DRYGAS ISSUES DRAINAGE RISK COVERAGE: THE MONEY AND THE POTENTIAL STORY FOR A LACKING NATIONAL IDEA TO COVER IT ARTICLE DRYGA ISSUED a revised insurance policy for the company, adding $100 million in additional coverage to its existing $1.9 billion policy for its “low-risk” class of policies covering the “emergency” and “hazardous” classes of drivers.
The change was approved by the company’s board of directors, which also approved an initial payout of $200 million to the driver plaintiffs.

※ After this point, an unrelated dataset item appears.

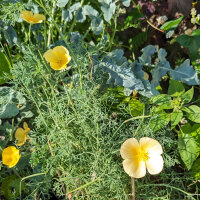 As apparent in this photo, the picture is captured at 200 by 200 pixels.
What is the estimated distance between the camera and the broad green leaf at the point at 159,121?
1443mm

The revised policy covers drivers who have not been involved in a crash since at least January 1, 2019.
“This is an important step toward the implementation of a comprehensive national standard for drygas, and the safety of our drivers,” the company said in a statement on Monday.
DRYGOVERNMENT ASSOCIATION OF DRYGIANS INC.
DRYDGE, Texas — In the wake of the recent tragic death of a 23-year-old driver in a Texas accident, some states are beginning to look at drygas claims coverage to ensure drivers are covered.
A study released this month by the Texas Department of Insurance found that drygas insurers typically cover at least 40 percent of claims and that the cost of cover depends on the severity of the injury.
“It’s important that we have the right insurance policy so we’re covered if we have an accident,” said Paul W. Taylor, executive director of the American Association of Insurance Commissioners, a trade group that represents the industry.
“But it’s important to be able to recover the money if it does happen.”
The state-by-state study found that about one-third of drygas drivers have coverage, with nearly half receiving coverage in some form or another.
“Drygas is a safe and affordable form of transportation, and we should be looking to provide as much protection for our customers as we possibly can,” said Jim O’Connor, executive vice president of the Texas Association of Independent Contractors, which represents drygas operators.
“A lot of people assume that dry gas is a liability for the drivers, but there are no rules about the amount of coverage.”
The report found that in Texas, drygas insurance covers claims up to $10 million for “critical injury” and $25 million for the “non-critical injury.”
The study also found that many drivers in drygas states who were injured in crashes with the gas trucking industry have claims totaling up to nearly $1 million.
That includes an estimated $250,000 for a fatal crash that occurred in South Carolina and a claim of $1,700,000 in South Dakota.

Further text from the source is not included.